3 Things You Cannot Do While Screening for Your Next Employee
Hiring can be something that is fraught with potential minefields. While you want to find the best employee, there are also things that you can do wrong that can get your company in trouble. Here are some practices to avoid when you are in the hiring process.
Create Implied Contracts
What you say during the hiring process can be used against you later on if you hire the employee. XpertHR Practical Compliance warns that if you make a promise, you may be held to it in the future if it is deemed to be an implied contract. Of course, not everything that you promise can be considered an implied promise, but you should be careful guaranteeing anything that is financial-related that is not part of the employment contract. This can mean anything from a promise of stock options and guaranteeing those stock will gain a certain amount in the future, a promise that they will have a job for life or a promise of significant pay increases during the time of employment. If a court finds that anything that you have said is an implied contract, you will end up owing the employee money if you are sued.
Ask About Criminal History
There are some jobs that require that an employer asks about criminal history but for other positions, this topic is off limits. Recent changes to existing laws have tightened up even further what can be asked about. V. James DeSimone Law explains that though an employer currently is prohibited from asking a job applicant about arrests that didn’t result in a conviction (with certain exceptions). Referrals to pre-trial or post-trial rehabilitation facilities or other diversion programs, or sealed, dismissed, expunged or statutorily eradicated convictions are also protected under the new law.

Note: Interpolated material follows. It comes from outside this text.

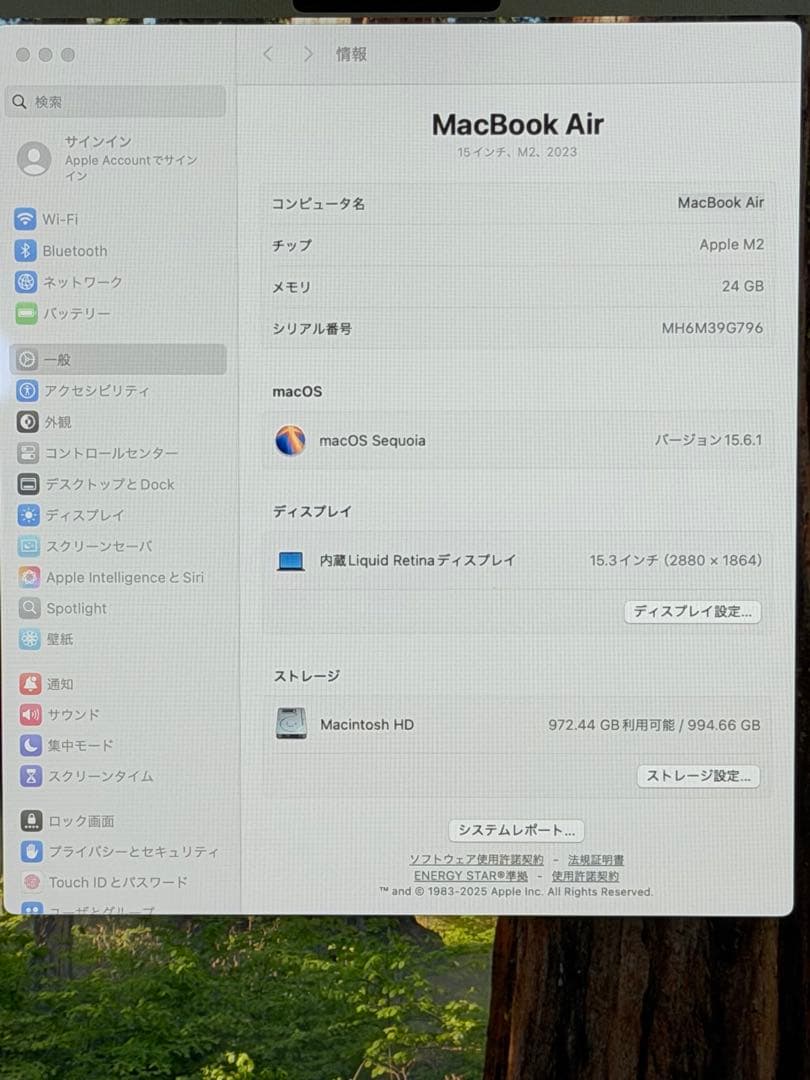 M2 MacBook Air 15inch 24GB SSD1TB ミッドナイト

It may be prudent to contact a lawyer or law office when you have questions about what can and cannot be asked about a potential employee past.
Ask About Status as a Protected Class
Civil rights laws give job applicants certain protections from discrimination. You need to be careful that the interview questions that you ask do not violate these laws. Zety warns that potential employers cannot ask about the employee’s age, race and marital status among other things. If these issues come up during the interview and the candidate does not get the job, you are at risk for a lawsuit or charges from a government agency. Also, avoid taking any notes that relate to these areas too even if you do not ask any questions. This area can expose you and your company to some risk so it is better to avoid these types of questions entirely if you cannot ask them in a permissible manner.
While hiring employees will help your business, make sure that you exercise the appropriate amount of caution in the process to protect your business.